Il faudra aux lecteurs un moral à toute épreuve pour traverser cette trentaine de textes, chroniques, coups de gueule, essais. Il faudra être capable d’en prendre, avoir un bon sens de l’autodérision, une capacité à se remettre en question dans ses habitudes de vie et ses croyances. Car Beaudet nous met joyeusement le nez dans nos travers. Prenez ce texte qui ouvre le recueil, Désillumi
nations - Une visite chez Wal-Mart . Pour quelqu’un qui n’a jamais mis les pieds dans ce genre de méga magasin, avec ses 10 kilomètres carrés de surface et son stationnement gigantesque, le choc dépressif est extrême. J’apprends que les vacanciers en Winnebago, plutôt que de se retrouver en pleine nature, viennent camper dans le parking du Walmart et qu’ils peuvent même prendre une douche à l’intérieur du magasin, puis qu’ils iront déjeuner dans un McDo ou un Burger King. Je vous avais prévenu, ce n’est pas une lecture joyeuse, typique des lectures de vacances, et la découverte de cette réalité insoupçonnée m’a profondément déprimé.
CARICATURAL ?
Bien sûr, parfois c’est gros et caricatural, comme dans cette chronique sur le débat autour de la charte. Un professeur de cégep, un peu caricatural, parfois simpliste, parfois brillant, banalise le port du voile chez les femmes musulmanes. «Je m’en câlisse, ok…» Un peu simple comme analyse.

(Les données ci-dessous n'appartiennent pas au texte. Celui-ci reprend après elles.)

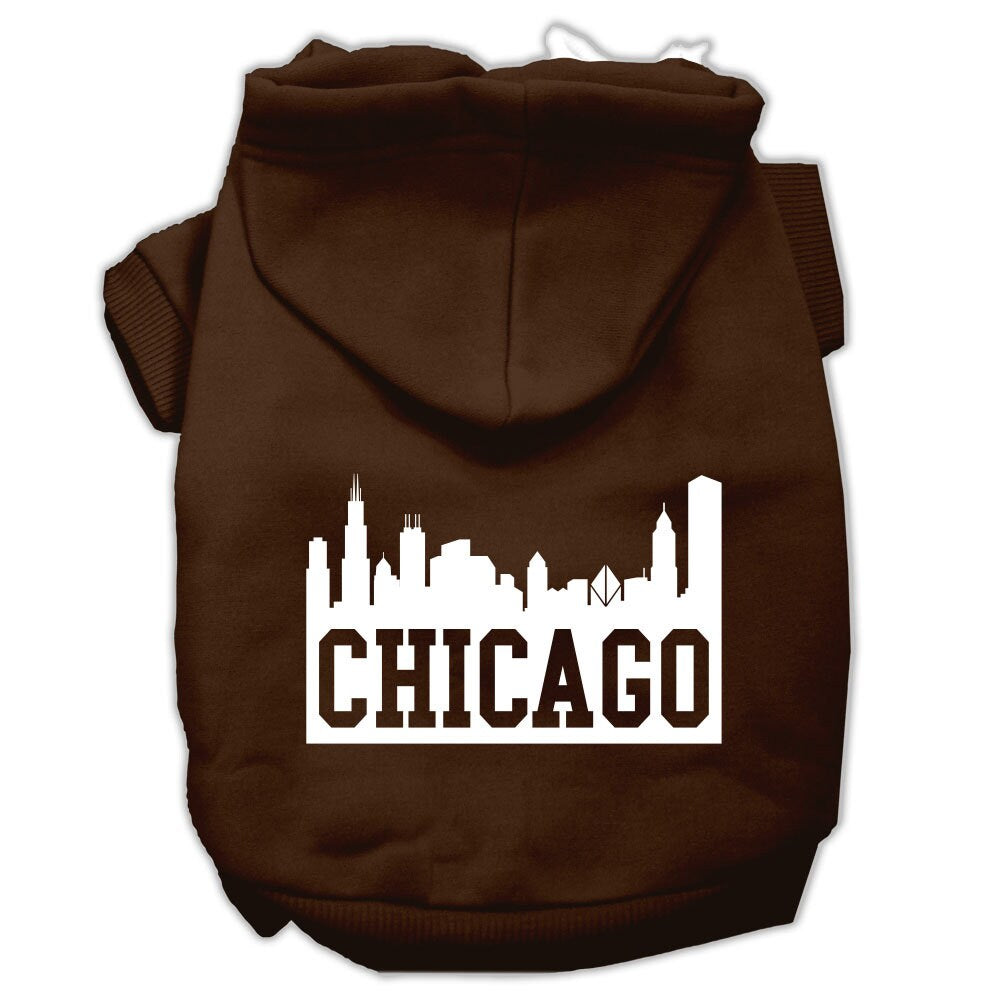 Sudadera con capucha para mascotas, perros y gatos serigrafiada con el lema "Chicago Skyline"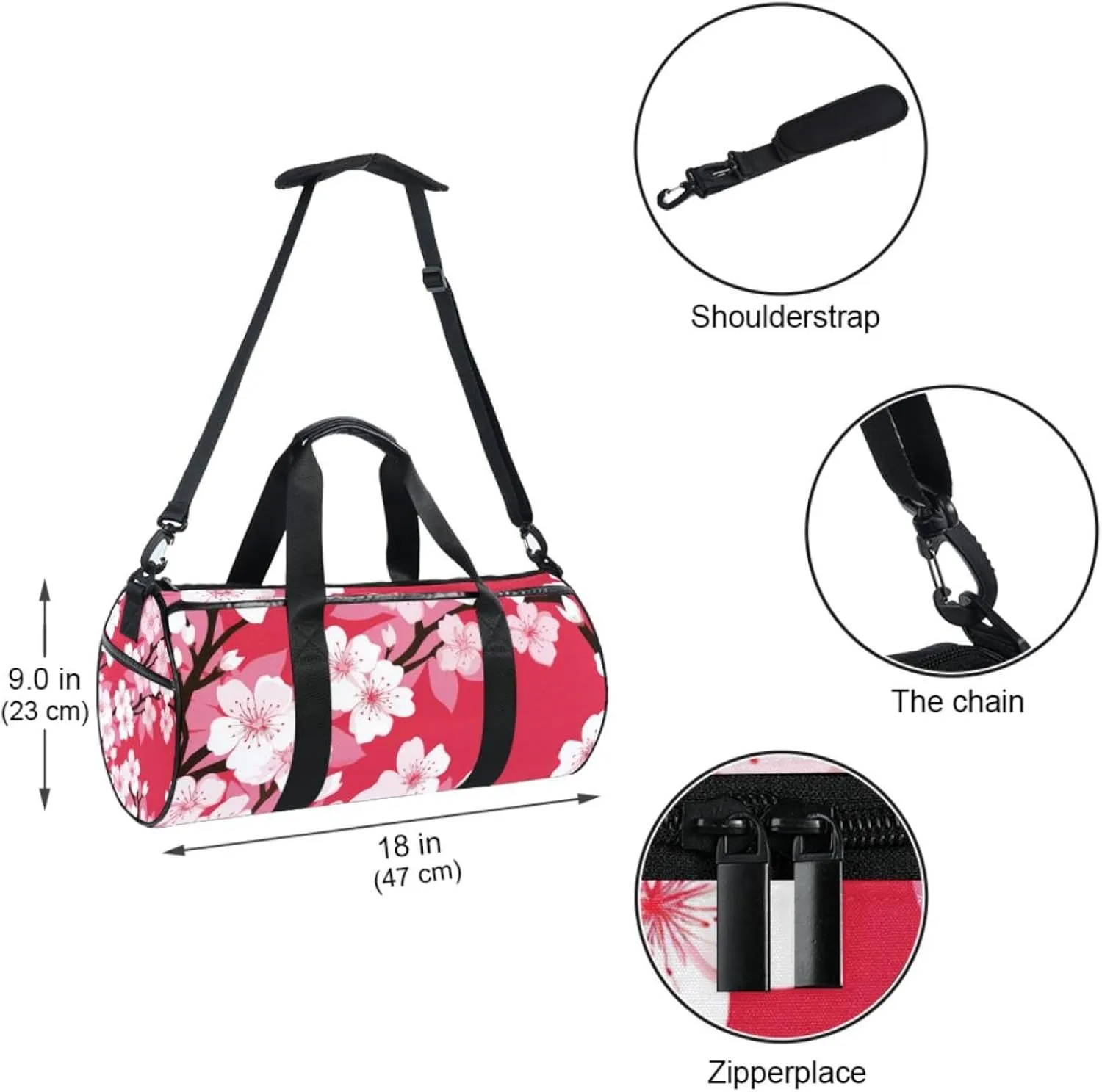 Gym Bag for Women,Small Gym Bag for Men,Cherry Blossoms,Overnight Bag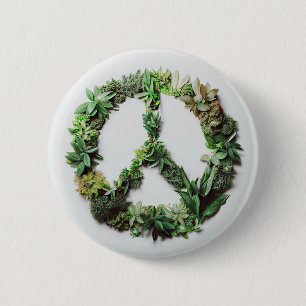 Groene vrede ronde button 5,7 cm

Parfois, c’est cruel, comme dans le texte sur le Canada. L’auteur raconte que son rêve du pays québécois s’est effondré lorsque Jacques Parizeau a prononcé ces paroles à propos des votes ethniques, lors du deuxième référendum, en 1995. Ses amis accourent pour lui dire que Parizeau a accusé les immigrants de l’échec référendaire. Ce n’est pas exactement ce qu’il a dit, mais la perception est demeurée. «Je sais maintenant ce qu’il a dit ou ce qu’il a voulu dire, mais je me souviendrai toujours de la manière dont mes amis l’ont interprété et mon enfance politique s’est ainsi brutalement terminée. […] Le Québec n’est pas un pays, et ne le sera jamais. Le Canada non plus, quoi qu’on en dise.» Triste constat, qui relève un peu de la démission facile. José Marti, l’apôtre de la lutte d’indépendance à Cuba, ne disait-il pas: «Ceux qui n’ont pas l’honneur de se sacrifier pour la patrie devraient au moins avoir le courage de se taire devant ceux qui le font.» Ceci dit, cette chronique est aussi des plus jouissives.
L’auteur sera peut-être surpris de lire cette recension de son livre, somme toute positive, dans un journal qu’il a voué aux gémonies. Il dira sans doute «Fuck Lanctôt».